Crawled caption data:
____________________

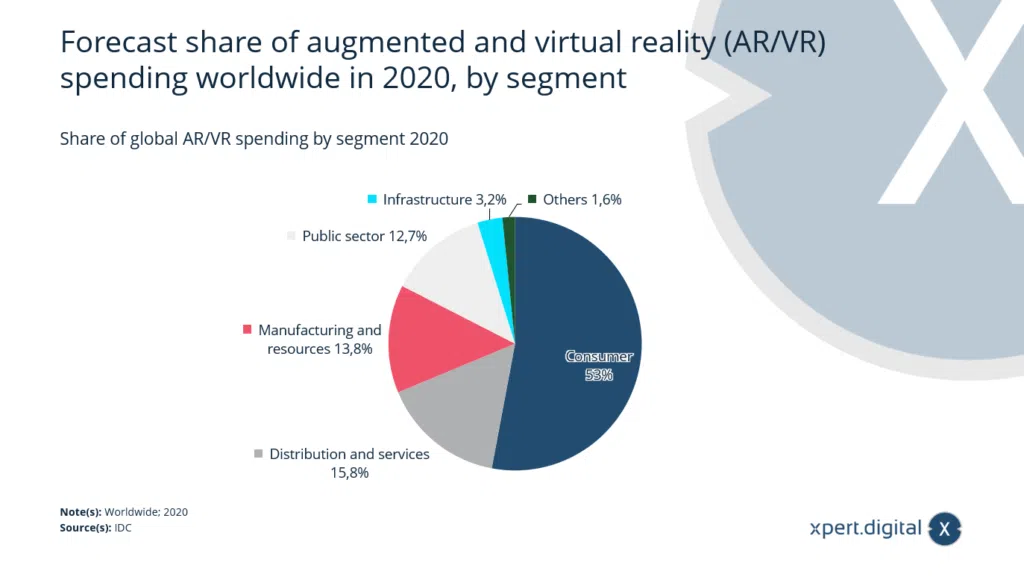 Anteil der globalen AR/VR-Ausgaben nach Segmenten weltweit - Bild: Xpert.Digital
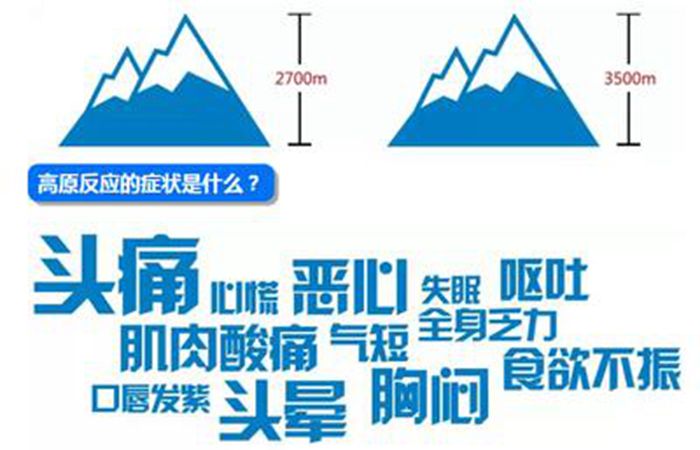 海拔3000多米会有高原反应吗,到海拔高的地方怎么避免高原反应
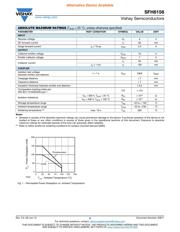 SFH6156-3 datasheet.datasheet_page 2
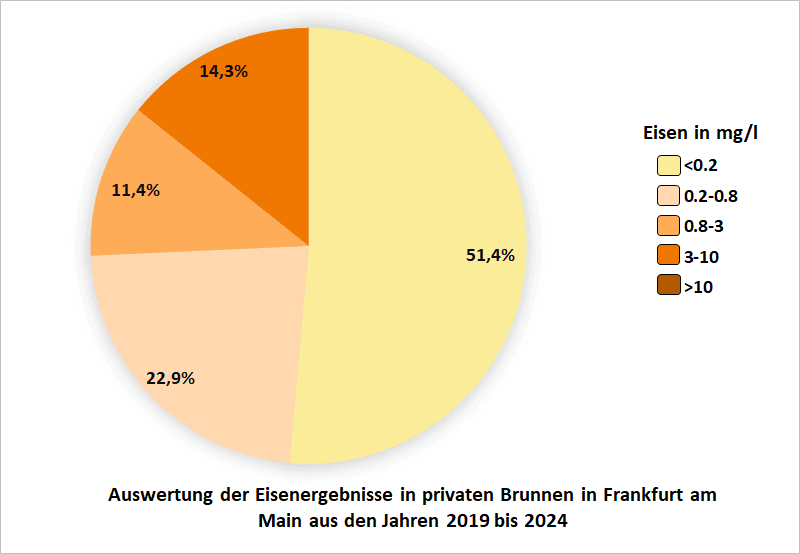 Auswertung der Eisenergebnisse in privaten Brunnen in Frankfurt am Main aus den Jahren 2019 bis 2024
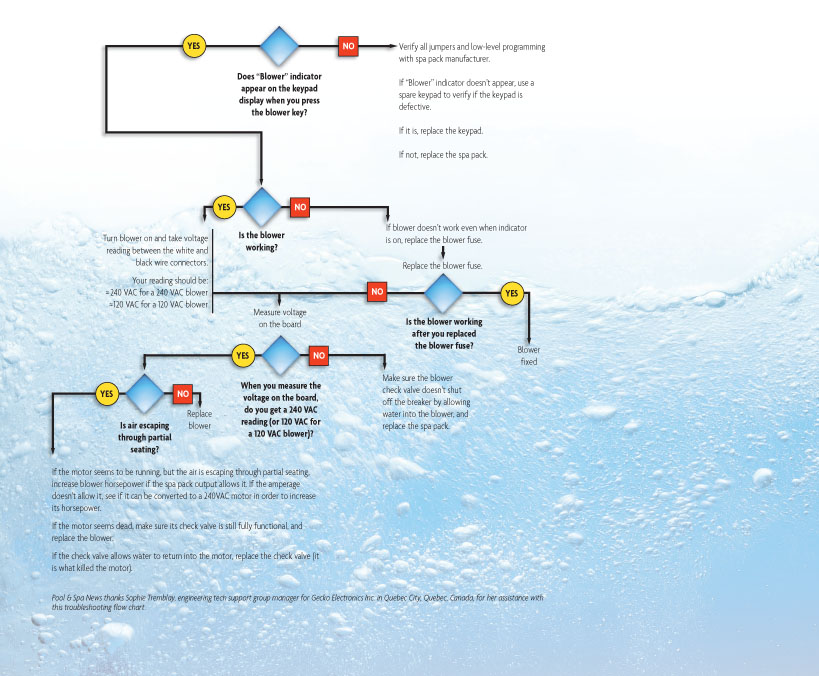 If the blower doesn’t work, follow this troubleshooting flow chart to identify the problem.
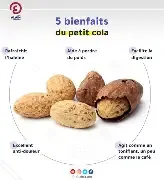 Petit Cola 100g
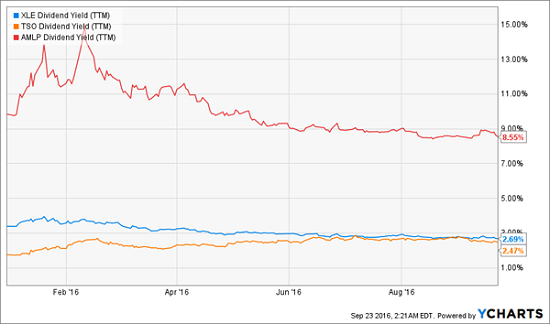 xle-amlp-tso-dividend-yields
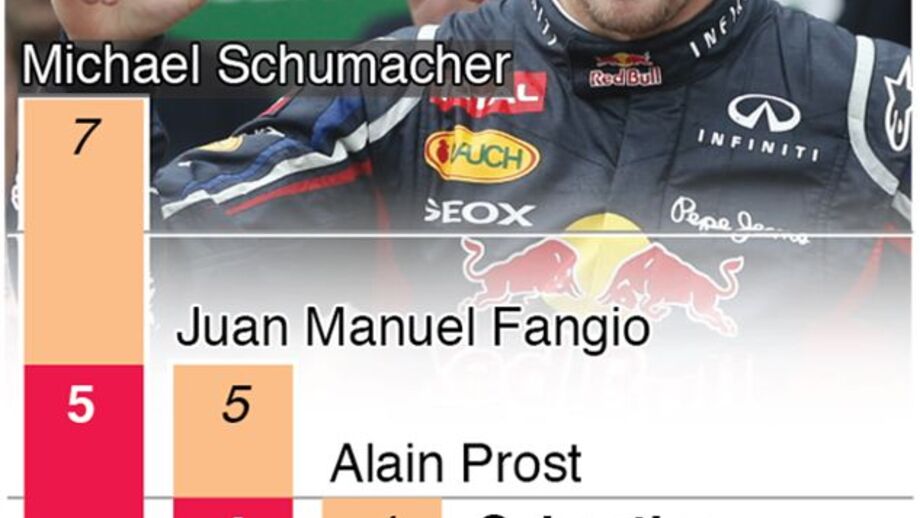 Vettel junta-se aos melhores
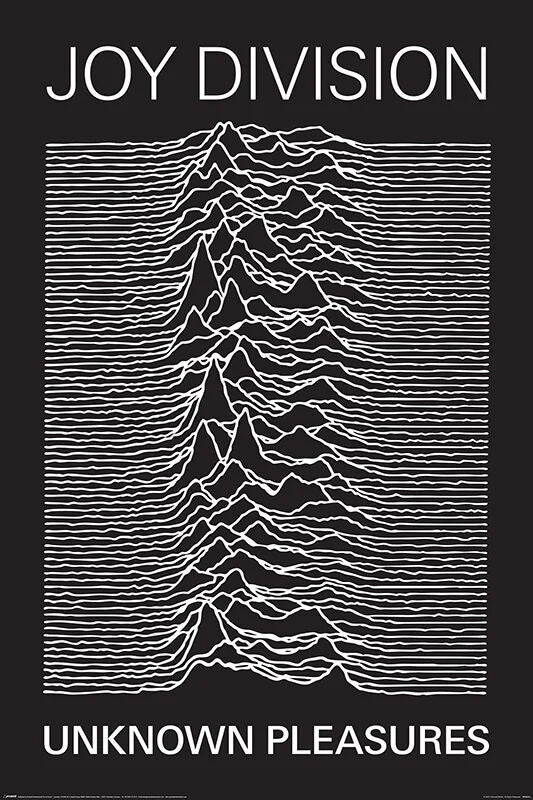 Poster/Joy Division - Unknown Pleasures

____________________

- **What is being asked**:
Locate the line containing "Vettel junta-se aos melhores" in the records above, then output it and every line after it through the last, excluding pictures.

- **Response area**:
 Vettel junta-se aos melhores
 Poster/Joy Division - Unknown Pleasures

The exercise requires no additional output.